■ **WHAT TO PRODUCE**
Below are lines of data; restate word for word those running from the line containing "New 2025 INFINITI QX80 Luxe image 6" to the line containing "Air Jordan 5", inclusive, and no others.

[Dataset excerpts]
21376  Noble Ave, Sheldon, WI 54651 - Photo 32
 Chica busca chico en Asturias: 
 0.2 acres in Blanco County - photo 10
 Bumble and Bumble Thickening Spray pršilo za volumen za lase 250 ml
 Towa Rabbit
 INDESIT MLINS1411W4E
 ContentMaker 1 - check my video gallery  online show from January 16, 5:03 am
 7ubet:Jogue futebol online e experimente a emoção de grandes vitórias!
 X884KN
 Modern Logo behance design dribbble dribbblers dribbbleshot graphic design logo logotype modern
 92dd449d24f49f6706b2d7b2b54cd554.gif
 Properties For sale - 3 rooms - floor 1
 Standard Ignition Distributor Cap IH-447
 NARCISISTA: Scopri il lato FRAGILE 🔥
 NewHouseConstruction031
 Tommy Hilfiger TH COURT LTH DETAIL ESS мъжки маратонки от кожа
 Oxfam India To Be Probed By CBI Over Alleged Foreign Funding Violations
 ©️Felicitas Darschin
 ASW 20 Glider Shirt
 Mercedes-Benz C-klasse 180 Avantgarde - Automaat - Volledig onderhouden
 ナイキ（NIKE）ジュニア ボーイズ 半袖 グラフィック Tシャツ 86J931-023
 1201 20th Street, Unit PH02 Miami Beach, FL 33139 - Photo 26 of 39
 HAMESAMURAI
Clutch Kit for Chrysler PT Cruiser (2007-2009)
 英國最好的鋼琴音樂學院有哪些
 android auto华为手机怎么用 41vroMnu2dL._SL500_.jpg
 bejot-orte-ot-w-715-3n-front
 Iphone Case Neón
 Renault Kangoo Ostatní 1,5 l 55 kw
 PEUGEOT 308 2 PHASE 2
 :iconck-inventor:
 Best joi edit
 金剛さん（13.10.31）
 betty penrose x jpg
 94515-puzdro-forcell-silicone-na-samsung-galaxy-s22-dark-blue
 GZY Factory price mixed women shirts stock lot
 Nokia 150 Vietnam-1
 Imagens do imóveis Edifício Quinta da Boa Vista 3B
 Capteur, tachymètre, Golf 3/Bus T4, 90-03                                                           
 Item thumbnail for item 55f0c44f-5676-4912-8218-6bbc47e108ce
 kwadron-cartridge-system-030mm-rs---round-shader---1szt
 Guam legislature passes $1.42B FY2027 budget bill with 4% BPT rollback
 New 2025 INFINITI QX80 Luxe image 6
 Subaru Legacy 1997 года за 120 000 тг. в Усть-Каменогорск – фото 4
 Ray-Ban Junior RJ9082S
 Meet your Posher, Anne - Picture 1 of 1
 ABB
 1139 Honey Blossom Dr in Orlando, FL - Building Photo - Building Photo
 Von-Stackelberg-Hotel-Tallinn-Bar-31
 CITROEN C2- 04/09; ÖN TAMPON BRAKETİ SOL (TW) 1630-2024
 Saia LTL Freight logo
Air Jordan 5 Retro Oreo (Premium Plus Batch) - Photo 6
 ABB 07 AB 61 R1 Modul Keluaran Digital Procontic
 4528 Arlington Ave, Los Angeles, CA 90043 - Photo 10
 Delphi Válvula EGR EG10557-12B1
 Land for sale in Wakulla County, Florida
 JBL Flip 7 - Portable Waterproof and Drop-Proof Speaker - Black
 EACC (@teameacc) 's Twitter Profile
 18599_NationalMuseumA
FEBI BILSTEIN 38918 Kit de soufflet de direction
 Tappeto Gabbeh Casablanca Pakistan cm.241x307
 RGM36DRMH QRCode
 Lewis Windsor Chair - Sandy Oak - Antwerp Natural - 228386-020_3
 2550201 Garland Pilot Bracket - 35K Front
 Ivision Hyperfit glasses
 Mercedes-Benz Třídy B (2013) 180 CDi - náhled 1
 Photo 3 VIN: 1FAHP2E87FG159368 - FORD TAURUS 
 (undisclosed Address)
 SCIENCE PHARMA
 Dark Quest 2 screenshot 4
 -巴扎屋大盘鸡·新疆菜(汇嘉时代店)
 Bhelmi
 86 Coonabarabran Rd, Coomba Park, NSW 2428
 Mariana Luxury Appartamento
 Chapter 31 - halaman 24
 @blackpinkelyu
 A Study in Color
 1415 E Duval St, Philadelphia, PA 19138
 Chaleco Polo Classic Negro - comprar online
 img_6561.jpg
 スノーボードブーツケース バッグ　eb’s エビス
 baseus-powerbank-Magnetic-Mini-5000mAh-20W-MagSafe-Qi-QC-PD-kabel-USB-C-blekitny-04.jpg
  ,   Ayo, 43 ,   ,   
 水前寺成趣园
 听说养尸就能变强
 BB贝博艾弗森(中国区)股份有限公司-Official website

■ **RESPONSE BELOW**
 New 2025 INFINITI QX80 Luxe image 6
 Subaru Legacy 1997 года за 120 000 тг. в Усть-Каменогорск – фото 4
 Ray-Ban Junior RJ9082S
 Meet your Posher, Anne - Picture 1 of 1
 ABB
 1139 Honey Blossom Dr in Orlando, FL - Building Photo - Building Photo
 Von-Stackelberg-Hotel-Tallinn-Bar-31
 CITROEN C2- 04/09; ÖN TAMPON BRAKETİ SOL (TW) 1630-2024
 Saia LTL Freight logo
Air Jordan 5 Retro Oreo (Premium Plus Batch) - Photo 6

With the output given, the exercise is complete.